# Figur soll sich selbständig Bewegen



## lmaster (21. Mai 2008)

Hallo zusammen,

weis jemand von euch wie ich programmieren kann, dass sich Spielfiguren (halbtransparente Gif-Bilder) selbständig in einem bestimmten Gangsystem bewegen (ebenfalls ein Gif-Bild). Sie sollen aber nicht immer die selben Wege einschlagen sondern rein zufällig in den Gängen umherwandern. da ich aber ein Anfänger bin habe ich keinen Plan wie ich diese Art von KI realisieren soll.

Wäre euch sehr dankbar wenn ihr mir helfen könntet.

mfG
lmaster


----------



## Marco13 (21. Mai 2008)

Die treffendste Antwort (die du aber nicht hören willst) : Man kann das realisieren, indem man so lange Dinge realisiert, von denen man zumindest grob weiß, wie man sie realisieren könnte, bis man grob weiß, wie man das gewünschte realisieren könnte.
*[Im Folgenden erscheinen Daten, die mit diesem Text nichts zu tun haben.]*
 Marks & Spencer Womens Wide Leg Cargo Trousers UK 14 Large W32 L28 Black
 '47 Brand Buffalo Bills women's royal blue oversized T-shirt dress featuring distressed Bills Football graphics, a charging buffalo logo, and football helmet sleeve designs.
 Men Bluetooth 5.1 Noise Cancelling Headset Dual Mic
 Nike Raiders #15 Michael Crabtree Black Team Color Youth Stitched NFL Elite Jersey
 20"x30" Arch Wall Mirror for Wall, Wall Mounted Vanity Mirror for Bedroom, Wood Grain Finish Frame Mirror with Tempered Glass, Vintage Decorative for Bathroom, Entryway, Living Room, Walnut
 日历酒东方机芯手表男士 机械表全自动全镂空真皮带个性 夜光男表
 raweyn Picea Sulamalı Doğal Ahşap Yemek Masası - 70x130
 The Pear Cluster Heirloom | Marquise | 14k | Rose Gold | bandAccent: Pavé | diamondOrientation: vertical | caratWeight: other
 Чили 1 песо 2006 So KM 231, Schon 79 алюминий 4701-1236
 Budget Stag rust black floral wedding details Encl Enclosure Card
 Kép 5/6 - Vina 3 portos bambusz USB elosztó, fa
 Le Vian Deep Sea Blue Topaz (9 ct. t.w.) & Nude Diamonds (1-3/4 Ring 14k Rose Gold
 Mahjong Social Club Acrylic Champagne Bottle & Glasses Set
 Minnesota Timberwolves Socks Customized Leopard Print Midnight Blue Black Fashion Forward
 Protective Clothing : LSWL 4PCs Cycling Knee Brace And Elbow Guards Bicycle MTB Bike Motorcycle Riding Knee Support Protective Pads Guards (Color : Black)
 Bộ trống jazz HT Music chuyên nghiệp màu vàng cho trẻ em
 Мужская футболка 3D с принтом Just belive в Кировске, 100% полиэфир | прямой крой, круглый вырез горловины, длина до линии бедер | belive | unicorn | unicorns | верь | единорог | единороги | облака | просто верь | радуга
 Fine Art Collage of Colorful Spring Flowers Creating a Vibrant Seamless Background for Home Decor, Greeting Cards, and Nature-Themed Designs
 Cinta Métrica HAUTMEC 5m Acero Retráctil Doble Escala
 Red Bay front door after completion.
Die scheinbar (nicht anscheinend, sondern nur scheinbar!) hilfreichere Antwort: Du könntest die möglichen Wege als Graph speichern, und bei jedem Knoten (d.h. bei jeder Kreuzung) einen zufälligen Weg (d.h. eine zufällig ausgewählte Kante) wählen, wo die Figur dann langläuft.


----------



## lmaster (21. Mai 2008)

Und wie soll das dann im Quelltext aussehen ich bin Anfänger und kein Genie. Ich weiß ja noch nich einmal wie ich das Bild bewegen soll ich weiß lediglich wie man einen Ball bewegt mehr ham wir noch nicht gelernt


----------



## MiDniGG (21. Mai 2008)

width++
und
height++



bzw. x und y ^^


----------



## Marco13 (21. Mai 2008)

Anfänger und Genie schließen sich nicht gegenseitig aus. Poste eine konkrete Frage, und du bekommst eine konkrete Antwort. Du solltest nicht erwarten, dass jemand auf Basis irgendeiner wischi-waschi-Beschreibung irgendein tolles Programm schreibt und hier postet. Du solltes es nicht erwarten, kannst das aber, wenn du willst, und vielleicht schreibt dann auch jemand so ein Programm für dich. Das ist dann aber i.a. jemand, der noch nicht weiß, wo solche Threads hinführen: "Ja, das gepostete Programm funktioniert, aber ich will da-und-da dies-und-das so-und-so haben - wie geht DAS denn jetzt?" (es hört nicht auf und sorgt für Frust). 
Nochmal (das war nicht als Witz oder so gemeint) : _Man kann das realisieren, indem man so lange Dinge realisiert, von denen man zumindest grob weiß, wie man sie realisieren könnte, bis man grob weiß, wie man das gewünschte realisieren könnte. _ Anders gesagt: Programmieren lernt man nur durch Programmieren.


----------



## Evil-Devil (21. Mai 2008)

Ohne jetzt Marcos geile Metapher zerstören zu wollen, du könntest sämtliche Knotenpunkte in einer LinkedList speichern.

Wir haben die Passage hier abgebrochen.